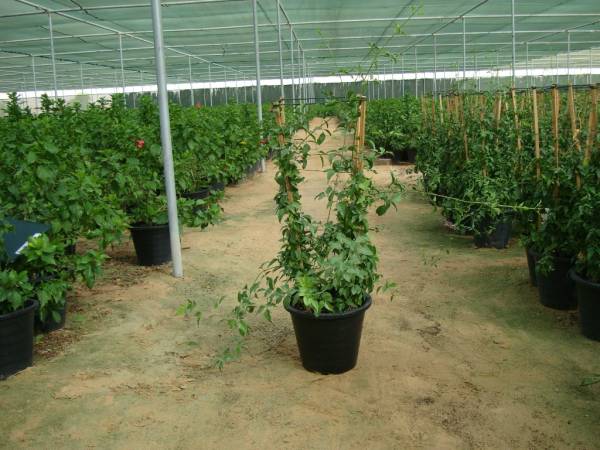 Jasminum grandiflora - Image 4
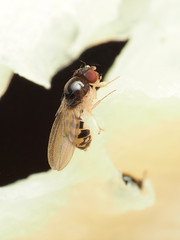 Mycodrosophila claytonae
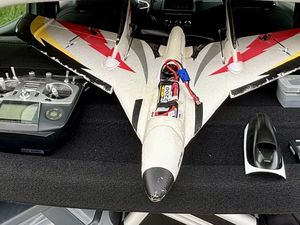 L’AILE VOLANTE STRIKER DE OLIVIER ET LE RANGER D’ALEXANDRE.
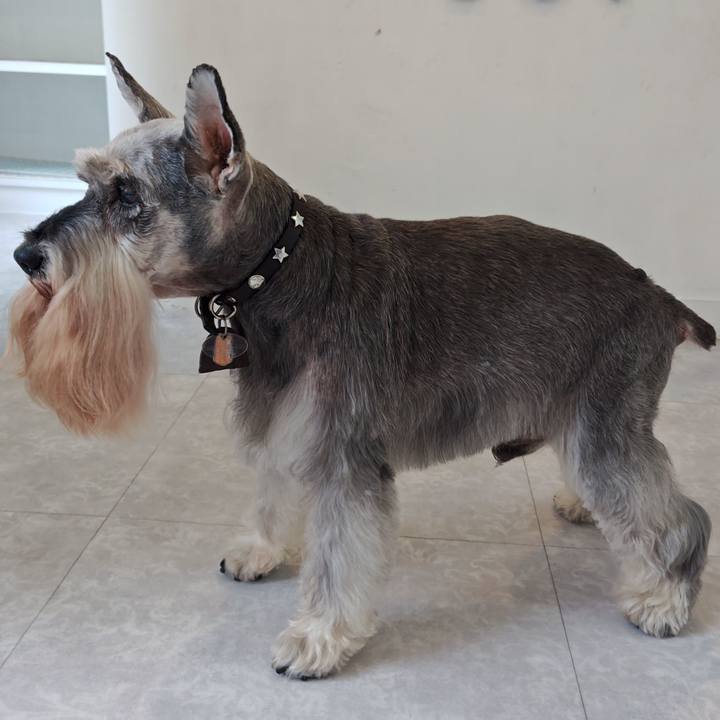 2412d90a 2716 4b22 b6a8 adb80bc0f799 1759209958278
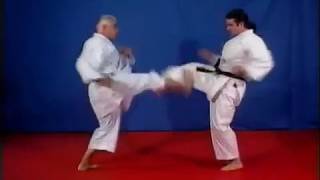 Bunkai  Heian Godan  Par Jean Pierre Lavorato [upl. by Ives]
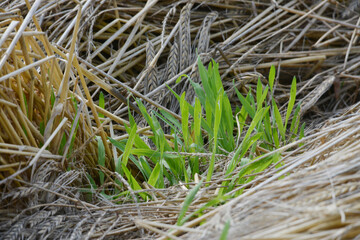 Gerste,  Wintergerste,  Hordeum vulgare L., Auswuchs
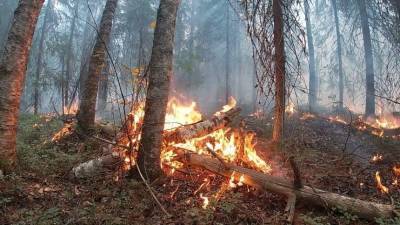 Суд в Турции отпустил арестованных за поджог леса российских туристов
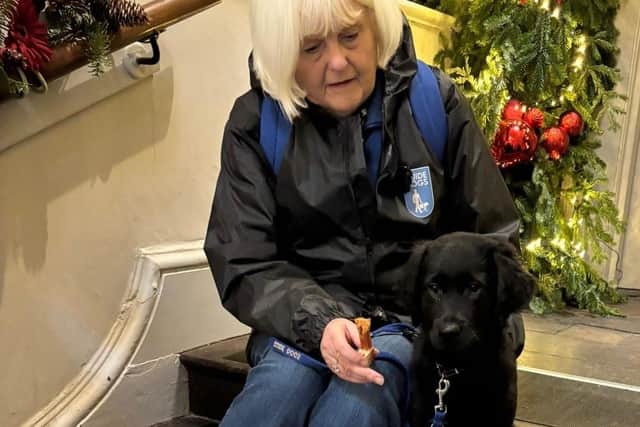 The guide dog puppies were introduced to Christmas decorations at Delapre Abbey as part of a familiarisation programme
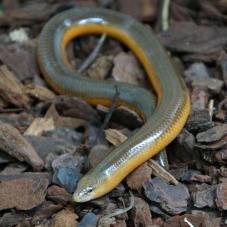 Percivals Legless Skink (Acontias percivali)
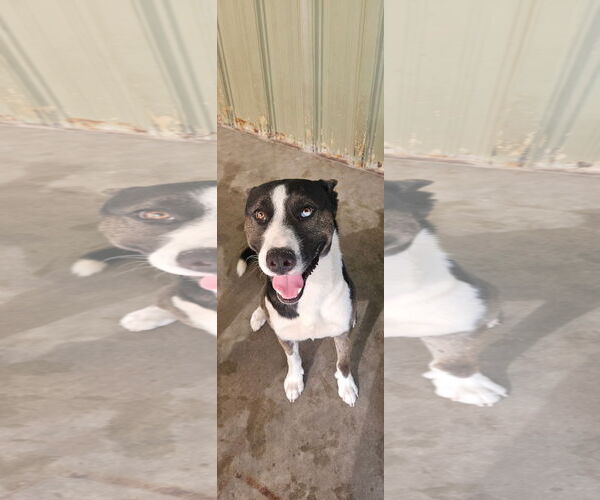 Medium Photo #1 Siberian Husky Puppy For Sale in El Centro, CA, USA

▶ _Task instructions_: Transcribe every line from the one containing "2412d90a 2716 4b22" to the end of the listing, exactly and exclusively. Do not carry any picture over.

▶ _Task response_:
 2412d90a 2716 4b22 b6a8 adb80bc0f799 1759209958278
 Bunkai  Heian Godan  Par Jean Pierre Lavorato [upl. by Ives]
 Gerste,  Wintergerste,  Hordeum vulgare L., Auswuchs
 Суд в Турции отпустил арестованных за поджог леса российских туристов
 The guide dog puppies were introduced to Christmas decorations at Delapre Abbey as part of a familiarisation programme
 Percivals Legless Skink (Acontias percivali)
 Medium Photo #1 Siberian Husky Puppy For Sale in El Centro, CA, USA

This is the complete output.